Ok. How then do you find your optimal volume ?


----------



## RiR0

ATLRigger said:


> Ok. How then do you find your optimal volume ?


Log everything so you know if you’re recovering or not. Are you adding weights or reps or improving form each week? If yes you’re recovering. If not you’re not recovering and training, rest, diet or drugs is the issue.


----------



## MrRippedZilla

ATLRigger said:


> Ok. How then do you find your optimal volume ?


To train twice a day? Take the volume of 2 days work, then half it. In general? Trial and error. Just keep in mind that training frequency & volume per workout have an inverse relationship. The higher the former, the lower the latter.


----------



## ATLRigger

RiR0 said:


> Log everything so you know if you’re recovering or not.

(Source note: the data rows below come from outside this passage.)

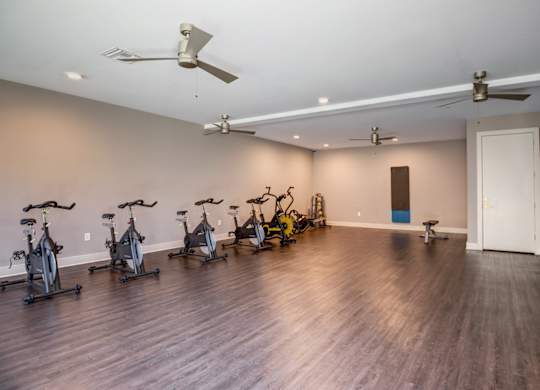 A room with a wooden floor and a wall of exercise bikes.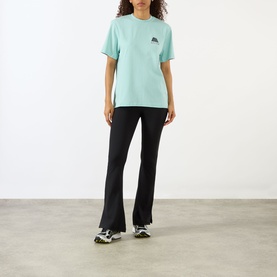 Model wearing Adanola Logo Graphic Oversized T-Shirt in Ocean Blue with black flared trousers and chunky trainers.
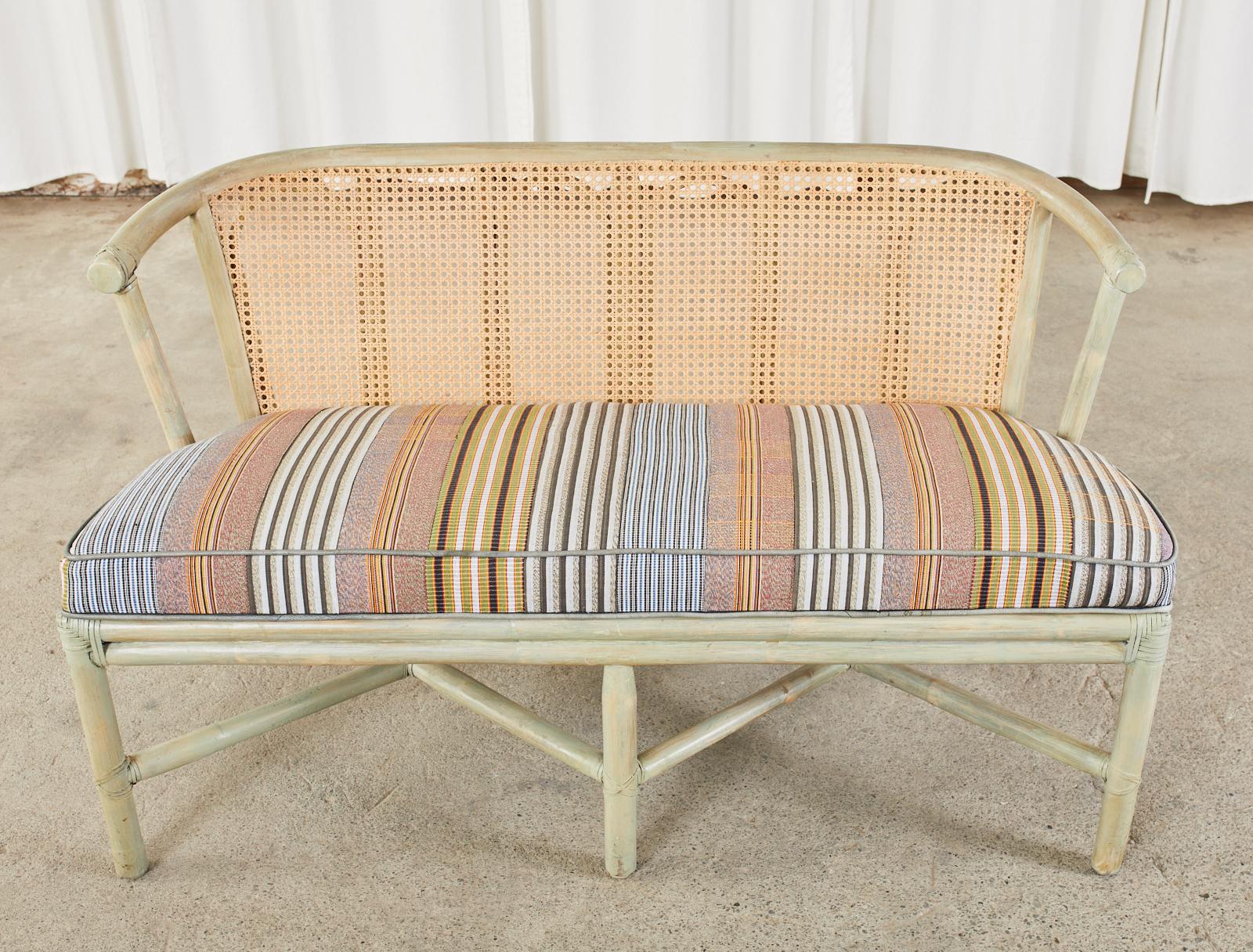 Lacquered organic modern style rattan bench seat or settee by McGuire. The small bench features a rattan frame that has been lacquered with a caned back rest. Lashed together with leather rawhide laces on the exposed joints. The open seat is fitted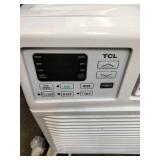 TCL window air conditioner, 12,000 BTU , featuring digital controls and adjustable vents. With Remote Control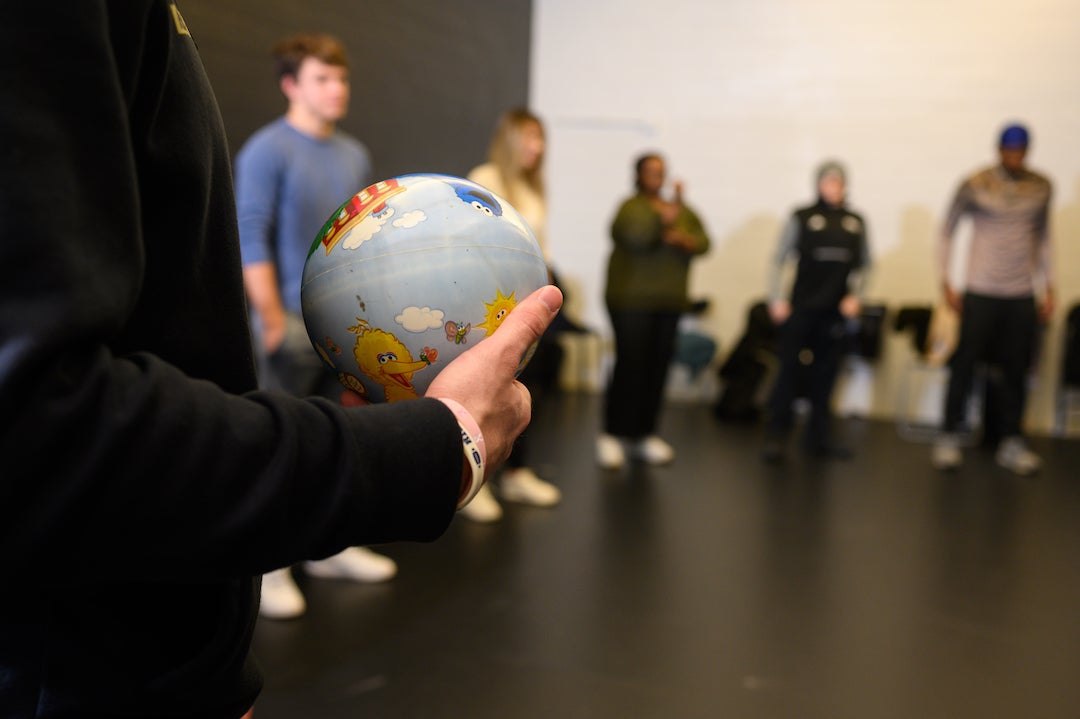 Acting students in circle during acting exercise led by Actors From The London Stage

Are you adding weights or reps or improving form each week? If yes you’re recovering. If not you’re not recovering and training, rest, diet or drugs is the issue.


I have kept this in mind for a couple weeks and it has helped.  There is hope for @RiR0 after all.


----------



## MetatronTurtle

Fair disclosure, I'm not a fan of brosplits myself. But I can see it being somewhat redeemable if you cheat in some frequency with exercise selection. Just going to list movement examples instead of the whole day.

E.g.
Chest - incline bench (delts), dips (triceps), close grip bench (triceps)
Back - upright rows (shoulders), face pulls (shoulders, some biceps), deadlift (some leg/hams/calves)
Shoulders - incline bench (chest), upright rows/face pulls (rhomboids/traps, upper back)
Arms - close grip bench (chest), dips (chest), close grip pulldowns/chinups (back)
Legs - deadlifts/RDL/SLDL (back), front squat (upper back)

Legs is kind of hard to cheat in elsewhere but considering how much the average bro hates legs... 

That said, using the examples above, with more intelligent exercise selection and focusing on compounds, a brosplit can actually be made viable with a 2 or even 3x/wk frequency. Especially if adding an extra day for lagging parts or deliberately sprinkling in some mishmash.


----------



## MrRippedZilla

MetatronTurtle said:


> Fair disclosure, I'm not a fan of brosplits myself. But I can see it being somewhat redeemable if you cheat in some frequency with exercise selection. Just going to list movement examples instead of the whole day.
> E.g.
> Chest - incline bench (delts), dips (triceps), close grip bench (triceps)
> Back - upright rows (shoulders), face pulls (shoulders, some biceps), deadlift (some leg/hams/calves)
> Shoulders - incline bench (chest), upright rows/face pulls (rhomboids/traps, upper back)
> Arms - close grip bench (chest), dips (chest), close grip pulldowns/chinups (back)
> Legs - deadlifts/RDL/SLDL (back), front squat (upper back)
> Legs is kind of hard to cheat in elsewhere but considering how much the average bro hates legs...
> That said, using the examples above, with more intelligent exercise selection and focusing on compounds, a brosplit can actually be made viable with a 2 or even 3x/wk frequency. Especially if adding an extra day for lagging parts or deliberately sprinkling in some mishmash.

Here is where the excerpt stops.